Task details:
Set down the entries exactly. No line may differ from its source.

Listed entries:
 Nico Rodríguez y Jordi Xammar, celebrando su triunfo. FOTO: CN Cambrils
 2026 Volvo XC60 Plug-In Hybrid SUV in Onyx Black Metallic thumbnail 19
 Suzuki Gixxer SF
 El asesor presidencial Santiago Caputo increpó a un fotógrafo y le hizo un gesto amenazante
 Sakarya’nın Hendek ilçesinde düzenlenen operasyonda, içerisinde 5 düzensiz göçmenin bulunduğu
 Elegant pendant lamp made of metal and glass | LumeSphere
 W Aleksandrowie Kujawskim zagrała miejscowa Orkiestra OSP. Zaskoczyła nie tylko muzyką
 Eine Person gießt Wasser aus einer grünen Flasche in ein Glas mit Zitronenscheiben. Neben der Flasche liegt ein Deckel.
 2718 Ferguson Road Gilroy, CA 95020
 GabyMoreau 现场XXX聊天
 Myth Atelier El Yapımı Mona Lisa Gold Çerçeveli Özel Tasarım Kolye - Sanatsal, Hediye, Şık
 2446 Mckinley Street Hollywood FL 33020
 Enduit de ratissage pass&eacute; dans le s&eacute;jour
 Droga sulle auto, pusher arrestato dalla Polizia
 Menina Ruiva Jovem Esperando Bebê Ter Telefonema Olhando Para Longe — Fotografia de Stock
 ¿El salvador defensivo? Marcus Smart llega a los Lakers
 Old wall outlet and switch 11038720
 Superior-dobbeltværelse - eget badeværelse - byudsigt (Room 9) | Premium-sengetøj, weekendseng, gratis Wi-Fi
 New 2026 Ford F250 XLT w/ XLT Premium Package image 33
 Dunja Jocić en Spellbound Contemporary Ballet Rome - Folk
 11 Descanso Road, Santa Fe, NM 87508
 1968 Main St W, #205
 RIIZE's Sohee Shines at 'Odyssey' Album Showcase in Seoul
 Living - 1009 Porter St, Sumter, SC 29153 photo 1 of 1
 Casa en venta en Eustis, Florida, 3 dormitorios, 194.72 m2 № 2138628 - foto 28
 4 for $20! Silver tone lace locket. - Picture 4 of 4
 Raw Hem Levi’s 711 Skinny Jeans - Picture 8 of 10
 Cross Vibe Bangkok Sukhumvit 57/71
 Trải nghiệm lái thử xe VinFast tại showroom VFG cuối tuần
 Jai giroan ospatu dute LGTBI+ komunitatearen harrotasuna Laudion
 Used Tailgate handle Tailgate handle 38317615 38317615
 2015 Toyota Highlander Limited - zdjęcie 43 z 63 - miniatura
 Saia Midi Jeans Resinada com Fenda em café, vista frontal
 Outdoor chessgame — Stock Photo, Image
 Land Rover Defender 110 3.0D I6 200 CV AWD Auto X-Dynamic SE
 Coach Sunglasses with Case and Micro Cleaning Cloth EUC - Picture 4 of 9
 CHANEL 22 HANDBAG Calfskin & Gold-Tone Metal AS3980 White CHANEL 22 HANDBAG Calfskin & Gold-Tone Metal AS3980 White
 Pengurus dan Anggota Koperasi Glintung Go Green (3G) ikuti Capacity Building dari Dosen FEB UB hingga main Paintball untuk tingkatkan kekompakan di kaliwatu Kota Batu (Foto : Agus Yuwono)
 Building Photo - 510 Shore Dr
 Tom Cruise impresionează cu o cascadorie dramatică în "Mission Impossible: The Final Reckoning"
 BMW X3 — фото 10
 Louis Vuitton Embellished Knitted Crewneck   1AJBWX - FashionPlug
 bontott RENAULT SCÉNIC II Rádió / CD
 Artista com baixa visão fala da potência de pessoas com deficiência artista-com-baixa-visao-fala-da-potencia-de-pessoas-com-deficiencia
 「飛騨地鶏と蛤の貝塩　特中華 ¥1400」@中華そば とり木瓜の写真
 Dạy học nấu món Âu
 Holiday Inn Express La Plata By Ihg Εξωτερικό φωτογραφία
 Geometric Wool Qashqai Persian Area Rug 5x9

Response:
 Nico Rodríguez y Jordi Xammar, celebrando su triunfo. FOTO: CN Cambrils
 2026 Volvo XC60 Plug-In Hybrid SUV in Onyx Black Metallic thumbnail 19
 Suzuki Gixxer SF
 El asesor presidencial Santiago Caputo increpó a un fotógrafo y le hizo un gesto amenazante
 Sakarya’nın Hendek ilçesinde düzenlenen operasyonda, içerisinde 5 düzensiz göçmenin bulunduğu
 Elegant pendant lamp made of metal and glass | LumeSphere
 W Aleksandrowie Kujawskim zagrała miejscowa Orkiestra OSP. Zaskoczyła nie tylko muzyką
 Eine Person gießt Wasser aus einer grünen Flasche in ein Glas mit Zitronenscheiben. Neben der Flasche liegt ein Deckel.
 2718 Ferguson Road Gilroy, CA 95020
 GabyMoreau 现场XXX聊天
 Myth Atelier El Yapımı Mona Lisa Gold Çerçeveli Özel Tasarım Kolye - Sanatsal, Hediye, Şık
 2446 Mckinley Street Hollywood FL 33020
 Enduit de ratissage pass&eacute; dans le s&eacute;jour
 Droga sulle auto, pusher arrestato dalla Polizia
 Menina Ruiva Jovem Esperando Bebê Ter Telefonema Olhando Para Longe — Fotografia de Stock
 ¿El salvador defensivo? Marcus Smart llega a los Lakers
 Old wall outlet and switch 11038720
 Superior-dobbeltværelse - eget badeværelse - byudsigt (Room 9) | Premium-sengetøj, weekendseng, gratis Wi-Fi
 New 2026 Ford F250 XLT w/ XLT Premium Package image 33
 Dunja Jocić en Spellbound Contemporary Ballet Rome - Folk
 11 Descanso Road, Santa Fe, NM 87508
 1968 Main St W, #205
 RIIZE's Sohee Shines at 'Odyssey' Album Showcase in Seoul
 Living - 1009 Porter St, Sumter, SC 29153 photo 1 of 1
 Casa en venta en Eustis, Florida, 3 dormitorios, 194.72 m2 № 2138628 - foto 28
 4 for $20! Silver tone lace locket. - Picture 4 of 4
 Raw Hem Levi’s 711 Skinny Jeans - Picture 8 of 10
 Cross Vibe Bangkok Sukhumvit 57/71
 Trải nghiệm lái thử xe VinFast tại showroom VFG cuối tuần
 Jai giroan ospatu dute LGTBI+ komunitatearen harrotasuna Laudion
 Used Tailgate handle Tailgate handle 38317615 38317615
 2015 Toyota Highlander Limited - zdjęcie 43 z 63 - miniatura
 Saia Midi Jeans Resinada com Fenda em café, vista frontal
 Outdoor chessgame — Stock Photo, Image
 Land Rover Defender 110 3.0D I6 200 CV AWD Auto X-Dynamic SE
 Coach Sunglasses with Case and Micro Cleaning Cloth EUC - Picture 4 of 9
 CHANEL 22 HANDBAG Calfskin & Gold-Tone Metal AS3980 White CHANEL 22 HANDBAG Calfskin & Gold-Tone Metal AS3980 White
 Pengurus dan Anggota Koperasi Glintung Go Green (3G) ikuti Capacity Building dari Dosen FEB UB hingga main Paintball untuk tingkatkan kekompakan di kaliwatu Kota Batu (Foto : Agus Yuwono)
 Building Photo - 510 Shore Dr
 Tom Cruise impresionează cu o cascadorie dramatică în "Mission Impossible: The Final Reckoning"
 BMW X3 — фото 10
 Louis Vuitton Embellished Knitted Crewneck   1AJBWX - FashionPlug
 bontott RENAULT SCÉNIC II Rádió / CD
 Artista com baixa visão fala da potência de pessoas com deficiência artista-com-baixa-visao-fala-da-potencia-de-pessoas-com-deficiencia
 「飛騨地鶏と蛤の貝塩　特中華 ¥1400」@中華そば とり木瓜の写真
 Dạy học nấu món Âu
 Holiday Inn Express La Plata By Ihg Εξωτερικό φωτογραφία
 Geometric Wool Qashqai Persian Area Rug 5x9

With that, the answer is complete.